- [DATA]
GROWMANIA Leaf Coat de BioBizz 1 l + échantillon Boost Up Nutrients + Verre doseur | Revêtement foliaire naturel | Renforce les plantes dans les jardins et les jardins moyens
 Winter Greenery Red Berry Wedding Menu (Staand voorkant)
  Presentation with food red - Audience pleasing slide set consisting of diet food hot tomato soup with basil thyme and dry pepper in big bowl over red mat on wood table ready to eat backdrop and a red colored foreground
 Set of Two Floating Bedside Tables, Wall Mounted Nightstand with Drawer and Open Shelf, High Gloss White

- [EXERCISE INSTRUCTIONS] The whole listing, restated word for word, is the expected answer.

- [EXERCISE ANSWER]
GROWMANIA Leaf Coat de BioBizz 1 l + échantillon Boost Up Nutrients + Verre doseur | Revêtement foliaire naturel | Renforce les plantes dans les jardins et les jardins moyens
 Winter Greenery Red Berry Wedding Menu (Staand voorkant)
  Presentation with food red - Audience pleasing slide set consisting of diet food hot tomato soup with basil thyme and dry pepper in big bowl over red mat on wood table ready to eat backdrop and a red colored foreground
 Set of Two Floating Bedside Tables, Wall Mounted Nightstand with Drawer and Open Shelf, High Gloss White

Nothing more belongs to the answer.